The Sith, who seek to absorb and manipulate the Force, tailoring it to serve their will and to make them different, unique and individually powerful. It is the core of their power, so it is understandable that a Sith would approach the idea of dying much differently than a Jedi. Sith do not seek to become one with the Force; they want to stay in this plane and keep their own minds to have the chance to live and rule again in the future. To accomplish this, they master the ultimate separation: that of their spirit and their body, so that their spirit does not depend on their physical body to survive, but it can attach itself to any physical object. If the Sith is powerful enough, they can continue to influence the living when the haunted object is touched. That, of course, is the ultimate perversion of the Force: using it to overpower the spirit of another sentient being.
Canon Star Wars comic series Darth Vader: Dark Lord of the Sith by Charles Soule explores this concept. Heretic Sith Momin repeatedly possesses Imperial personnel and Mustafar inhabitants with his mask while retaining his full mental abilities, will and Force power. Darth Vader tries to use Momin to open a portal to the afterlife, hoping to bring Padmé back. Momin is able to succeed in the endeavor.
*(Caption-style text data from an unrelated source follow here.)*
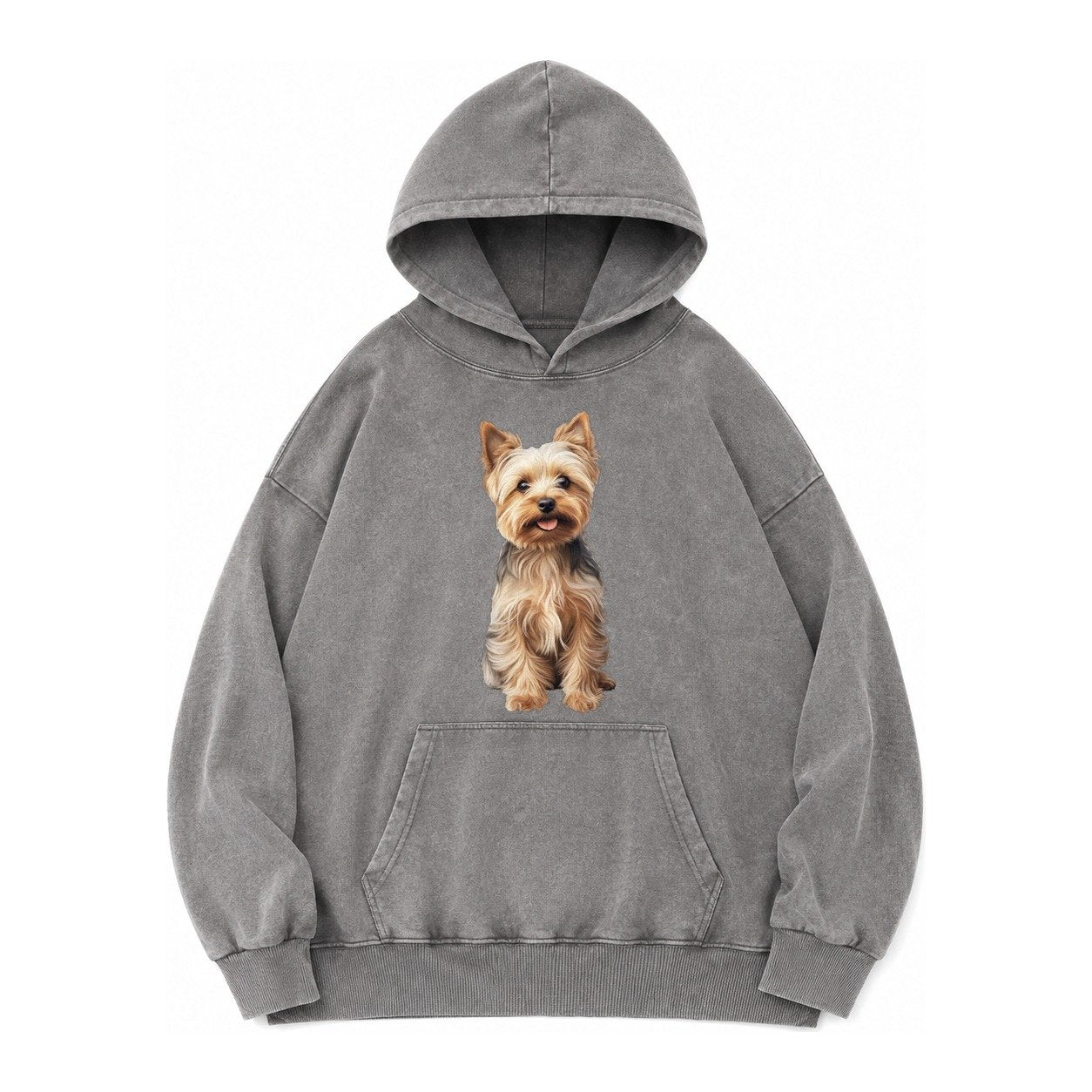Yorkshire Terrier Dog Vintage Washed Hoodie – Grey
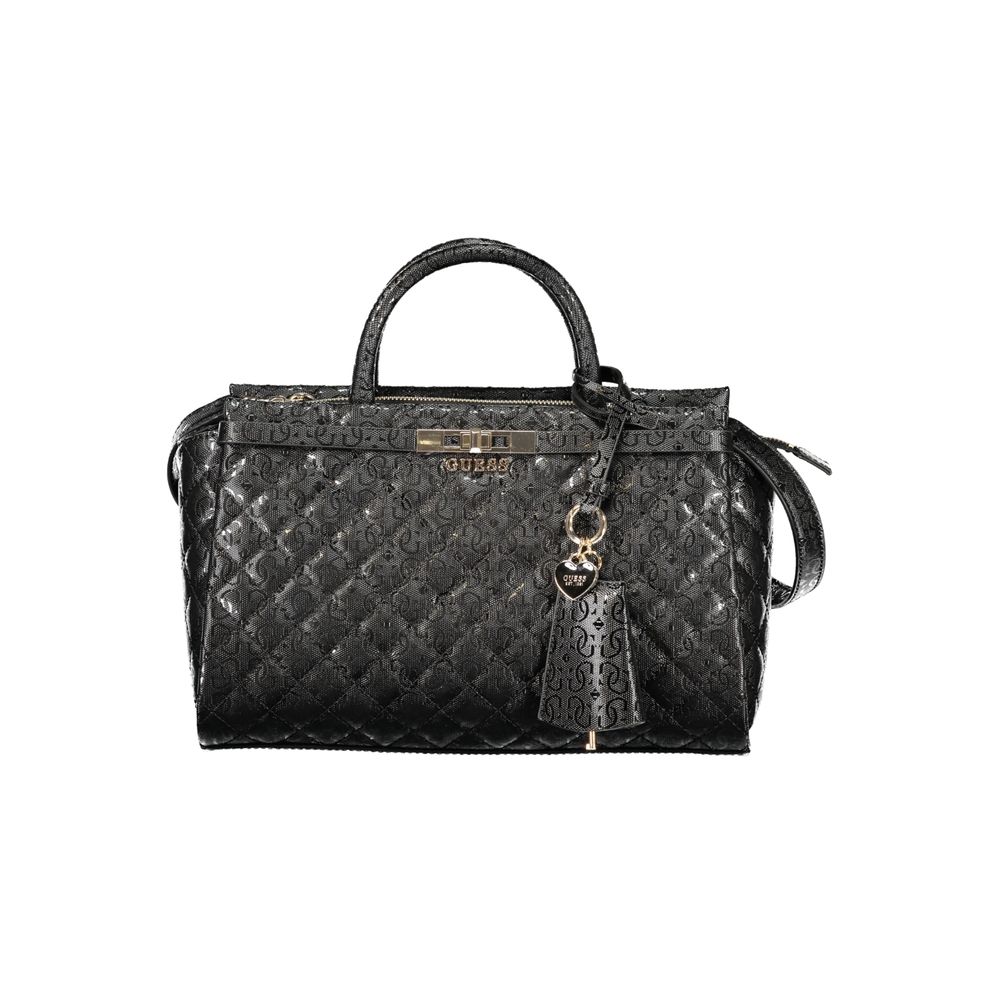 Guess Jeans Handtasche aus schwarzem Polyurethan für Damen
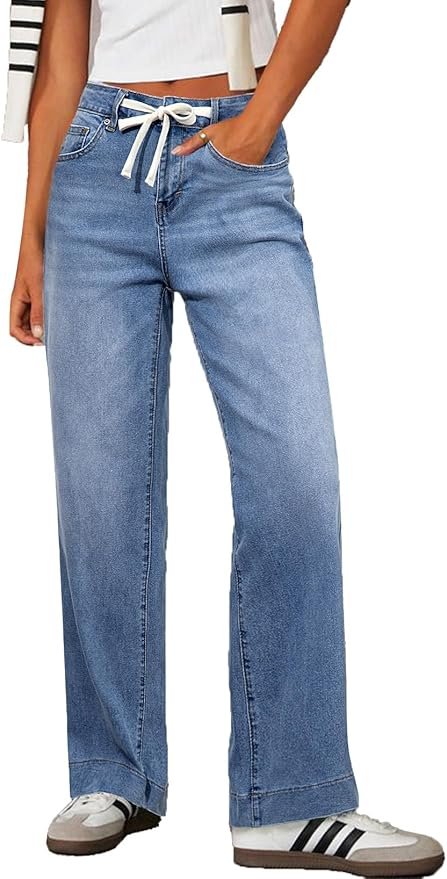 Wide Leg High Waisted Straight Leg Baggy Denim Pants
However, Momin was a rare beast even among the Sith, and he was a heretic for a reason. He understood the Force like a Jedi, as something that one submits to, although coupled with a much more sinister vision. Momin’s inner balance might be why he succeeded in connecting with the realm of the dead: he was not afraid of letting himself go to offer his “creations” to the Force.
Interestingly enough, the “light” Jedi ghosts have to perform an act of “Sithian” selfishness to attain this separation from the Force and to manifest in the mortal realm. There’s a massive difference between Qui-Gon Jinn’s “voice” manifestation at the beginning of the saga and the way Yoda’s Force Ghost sets fire to a tree in The Last Jedi. Yoda’s understanding of balance was better at the time of his death than Qui-Gon’s, which suggests that being able to come back as a Force Ghost has less to do with being a Jedi and more with being able to balance between the individual spirit (the self) and the whole of the Universe (the Force.)
Force Ghosts can teach this lesson to other Force Ghosts, which is why Anakin’s Ghost, guided by Obi-Wan and Yoda, was present at the end of The Return of the Jedi. Luke died in an almost perfect balance, so logically we should expect his spirit to be that much more powerful in The Rise of Skywalker.
So what does that mean for Palpatine? His spirit definitely survived the destruction of the Death Star II, and throughout the sequel trilogy, we have seen objects associated with him (Darth Vader’s mask, Snoke’s ring) which suggests that he managed to attach himself to an object. It might be he's bound himself to the Death Star itself – or it might be the rumored Wayfinder device that Kylo Ren and his Knights will be questing for in The Rise of Skywalker. It's also entirely possible he's mastered some technique to manifest as a Force Ghost, since it's entirely possible for him to do so. One thing is for sure: Palpatine is the ultimate Sith even in death, and he will try to take over the first warm body that is available to him. Let’s hope he doesn’t succeed.
Directed and co-written by J.J. Abrams, Star Wars: The Rise of Skywalker stars Daisy Ridley, Adam Driver, John Boyega, Oscar Isaac, Lupita Nyong’o, Domhnall Gleeson, Kelly Marie Tran, Joonas Suotamo, Billie Lourd, Keri Russell, Matt Smith, Anthony Daniels, Mark Hamill, Billy Dee Williams and Carrie Fisher, with Naomi Ackie and Richard E. Grant. The film arrives on Dec. 20.